Mumbai: Have Rs10 lakh?
Well, you can go ahead and produce a film and, possibly, rake in returns when it becomes a box office hit.
This is the pitch India’s second largest lender ICICI Bank Ltd is making to its private banking customers, or the well-heeled.
The bank is offering its private banking customers the option of investing in film production and has formed a partnership with Cinema Capital Venture Fund that will raise Rs750 crore from investors, including a greenshoe option of Rs250 crore.
A greenshoe option gives the issuer the right to sell investors more shares than originally planned.
ICICI Bank is one of many Indian banks devising alternative investment options such as private equity (PE), structured products with a capital guarantee, and gold for high networth individuals (HNIs) at a time when returns from investments in equities and real estate have turned volatile.
After offering a return of at least 45% in each of the past two years, the Sensex, the Bombay Stock Exchange’s benchmark index, is down around 25% since January.
Property prices in the big cities have come down around 10-15% in the past six months even as the central bank has raised interest rates and tightened liquidity in an effort to rein in inflation that is at a 13-year high, and control soaring consumer demand for a variety of products and services in Asia’s second fastest growing economy.
The so-called cinema fund, marketed by ICICI Bank, is looking at an annual return of 35%. There is a five-year lock-in for investors and minimum investment is Rs10 lakh.
“Alternative investment is catching up...as the equity market is not doing well. Structured products and investments in private equity funds have been emerging as an asset class. We are marketing the cinema fund to our private banking clients,” says Kanwar Vivek, general manager and head of global private clients (domestic) at ICICI Bank.
T.R. Ramachandran, head (retail bank) at Citibank NA India, agrees with Kanwar. According to him, PE has arrived as a major player in the alternative investment universe “differentiated by its propensity to generate higher absolute returns while improving portfolio diversification”.
Sandeep Das, general manager (wealth management) at Standard Chartered Bank, also speaks the same language: “Private equity as an asset class has emerged in the high networth individual segment since the threshold entry size is high.

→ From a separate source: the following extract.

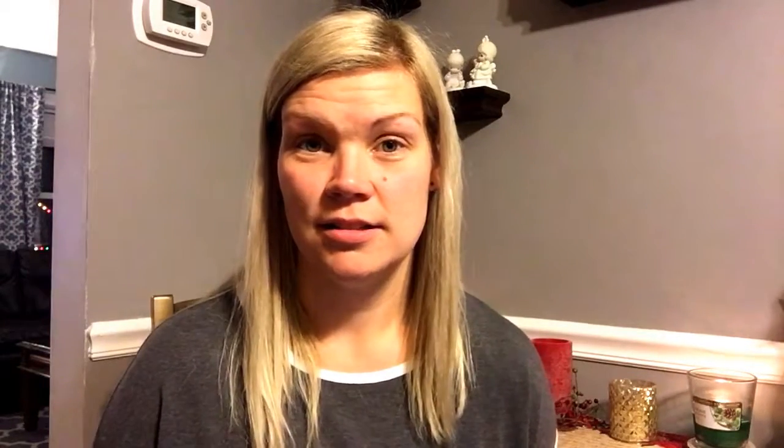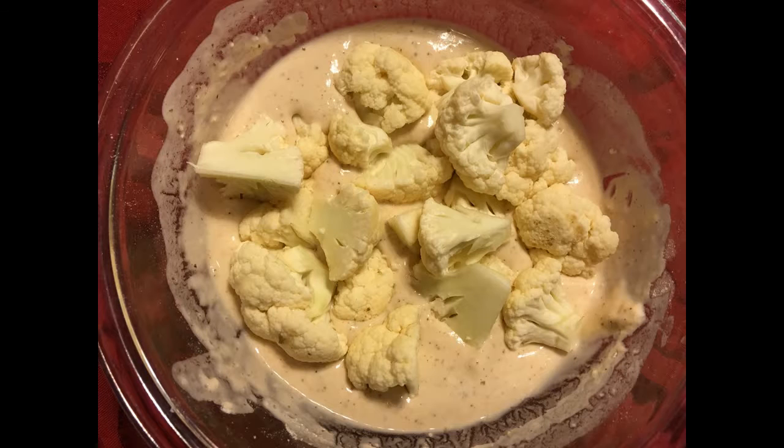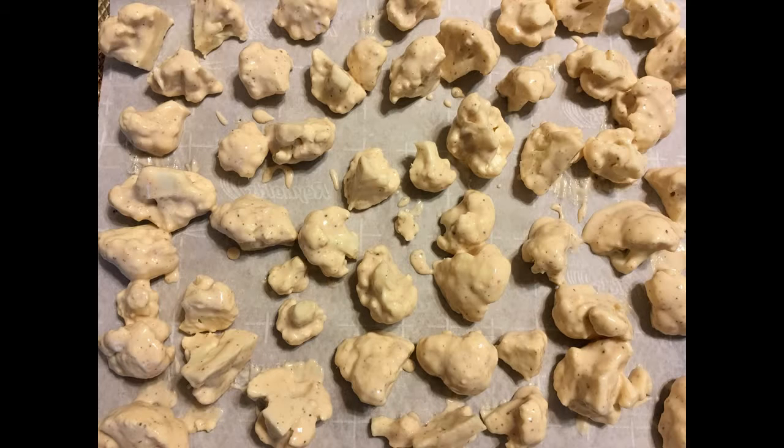I dredged the cauliflower in the mixture, spread it all on a pan lined with parchment paper, and baked it for about 20 to 25 minutes at 425 degrees, flipping it halfway through.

With the real estate boom, there have been a number of players with such funds.”
According to him, even diversified and sectoral PE funds are doing well. “This has exposed the investor to a whole new asset class of unlisted equity.”
According to the latest edition of the World Wealth Report by Merrill Lynch and Co. Inc. and Capgemini released in June, India’s HNI population growth was 22.7% in 2007, against 20.5% in 2006. These individuals have net assets of at least $1 million (Rs4.19 crore today), excluding their primary residences and products they own.
The report did not give the number of ultra HNIs in India, defined as people with net assets of at least $30 million, excluding their primary residences and products they own.
It is some of these people who are being targeted by the banks.
Ajay Loganadan, head (investment advisory group) at HSBC private banking, says the bank’s high networth customers are “finding great comfort in investing in capital-protected products”.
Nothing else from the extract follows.